Mathematical Programming Solver Based on Local Search

Mathematical Programming Solver Based on Local Search
Title Mathematical Programming Solver Based on Local Search PDF eBook
Author Frédéric Gardi
Publisher John Wiley & Sons
Pages 76
Release 2014-07-09
Genre Computers
ISBN 1118966481

Download Mathematical Programming Solver Based on Local Search Book in PDF, Epub and Kindle

This book covers local search for combinatorial optimization and its extension to mixed-variable optimization. Although not yet understood from the theoretical point of view, local search is the paradigm of choice for tackling large-scale real-life optimization problems. Today's end-users demand interactivity with decision support systems. For optimization software, this means obtaining good-quality solutions quickly. Fast iterative improvement methods, like local search, are suited to satisfying such needs. Here the authors show local search in a new light, in particular presenting a new kind of mathematical programming solver, namely LocalSolver, based on neighborhood search. First, an iconoclast methodology is presented to design and engineer local search algorithms. The authors' concern regarding industrializing local search approaches is of particular interest for practitioners. This methodology is applied to solve two industrial problems with high economic stakes. Software based on local search induces extra costs in development and maintenance in comparison with the direct use of mixed-integer linear programming solvers. The authors then move on to present the LocalSolver project whose goal is to offer the power of local search through a model-and-run solver for large-scale 0-1 nonlinear programming. They conclude by presenting their ongoing and future work on LocalSolver toward a full mathematical programming solver based on local search.

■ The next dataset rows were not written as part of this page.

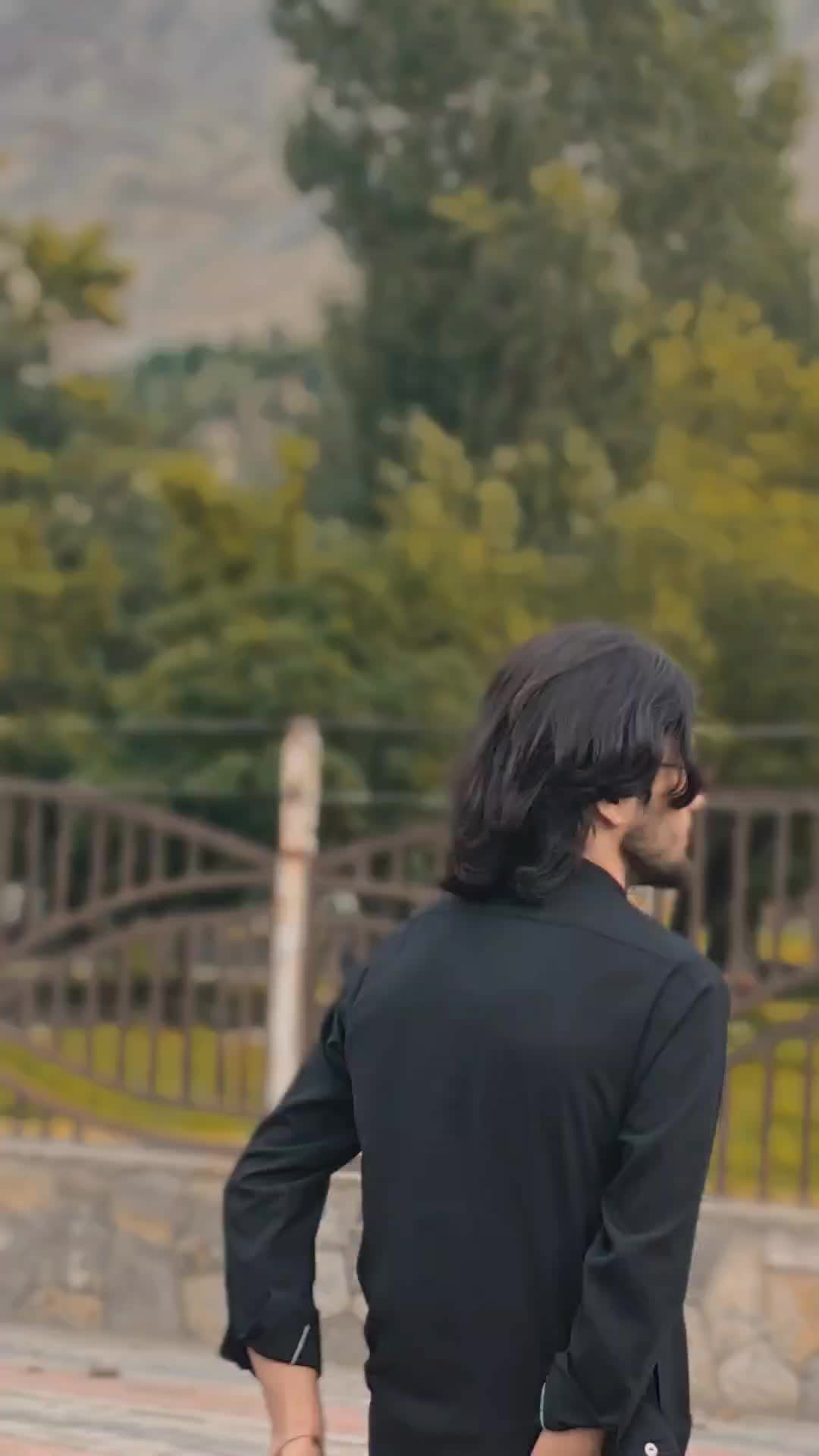 @MUحAMMAی`Xヾ72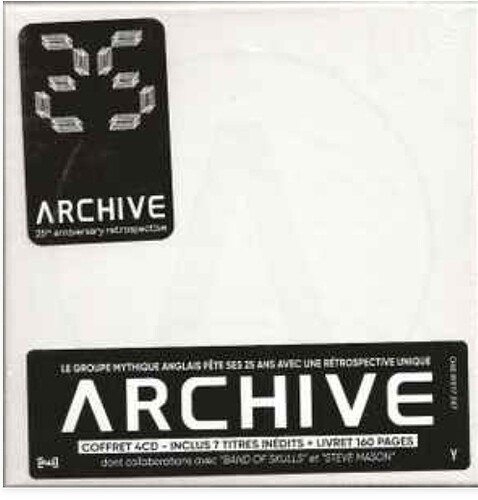 Screenshot_20260307_111337_Chrome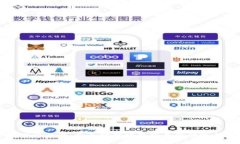 TP官网旗舰店：尽享智能科技带来的便捷与创新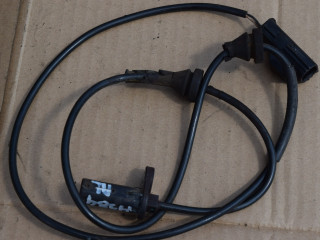 датчик ABS Volvo XC70 2 поколение 2002, 2.5 л., Ti, B 5254 T2, бензин, МКПП, универсал, полный подключаемый привод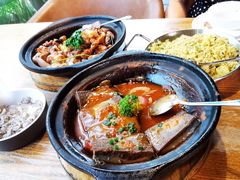 -古琢小馆·珠海味(南方软件园店)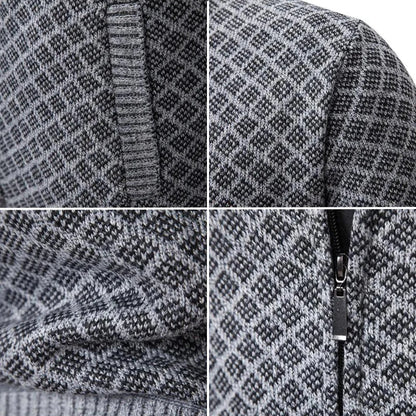 MARCELLO™ | ELEGANT WAISTCOAT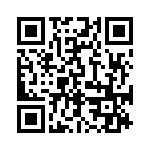 ALS71H474NJ025 QRCode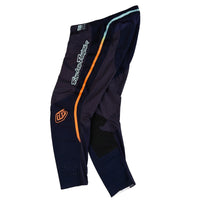 Troy Lee Designs 2025 Motocross SE PRO AIR Pinned Pants Phantom Aqua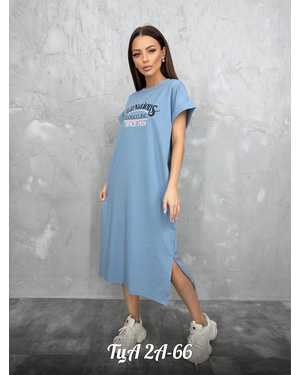 ПЛАТЬЕ ТКАНЬ 70% ХЛОПОК, 25% ПОЛИЭСТЕР, 5% СПАНДЕКС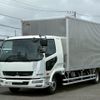 mitsubishi-fuso fighter 2024 -MITSUBISHI--Fuso Fighter 2KG-FK65F--FK65F-620205---MITSUBISHI--Fuso Fighter 2KG-FK65F--FK65F-620205- image 1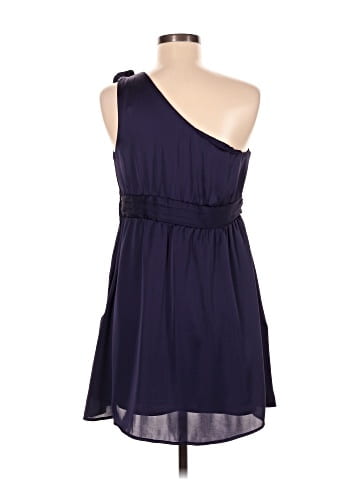 Tevolio Cocktail Dress (view 2)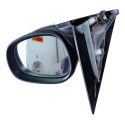 Retrovisor Direito Bmw 118i 2005 2006 2007 2008 2009 2010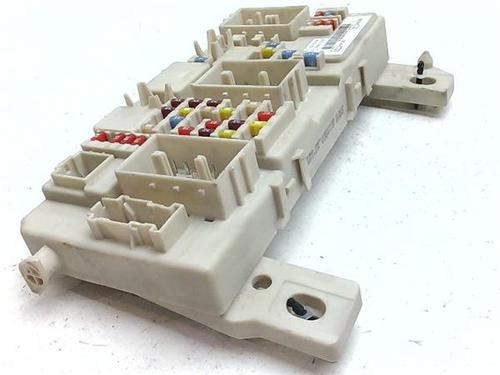 Fuse box FORD FOCUS II (DA_, HCP, DP) 1.8 TDCi | BP38353014E1 - Image 5
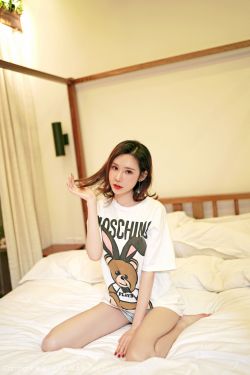 不成问题的问题 电影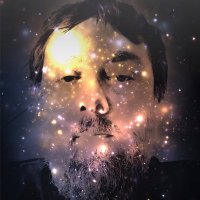 Salt House Lavish (@thedocter) 's Twitter Profile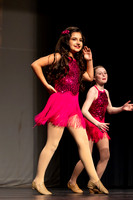 JDS 2026 Recital Performance A-459
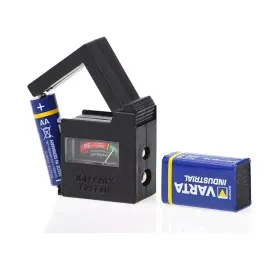 tester-baterii-aa-aaa-c-d-9v-cr-dpm-mw226-uniwersa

Computational Experiments for Local Search Algorithms for Binary and Mixed Integer Optimization

Computational Experiments for Local Search Algorithms for Binary and Mixed Integer Optimization
Title Computational Experiments for Local Search Algorithms for Binary and Mixed Integer Optimization PDF eBook
Author Jingting Zhou (S.M.)
Publisher
Pages 53
Release 2010
Genre
ISBN

Download Computational Experiments for Local Search Algorithms for Binary and Mixed Integer Optimization Book in PDF, Epub and Kindle

In this thesis, we implement and test two algorithms for binary optimization and mixed integer optimization, respectively. We fine tune the parameters of these two algorithms and achieve satisfactory performance. We also compare our algorithms with CPLEX on large amount of fairly large-size instances. Based on the experimental results, our binary optimization algorithm delivers performance that is strictly better than CPLEX on instances with moderately dense constraint matrices, while for sparse instances, our algorithm delivers performance that is comparable to CPLEX. Our mixed integer optimization algorithm outperforms CPLEX most of the time when the constraint matrices are moderately dense, while for sparse instances, it yields results that are close to CPLEX, and the largest gap relative to the result given by CPLEX is around 5%. Our findings show that these two algorithms, especially the binary optimization algorithm, have practical promise in solving large, dense instances of both set covering and set packing problems.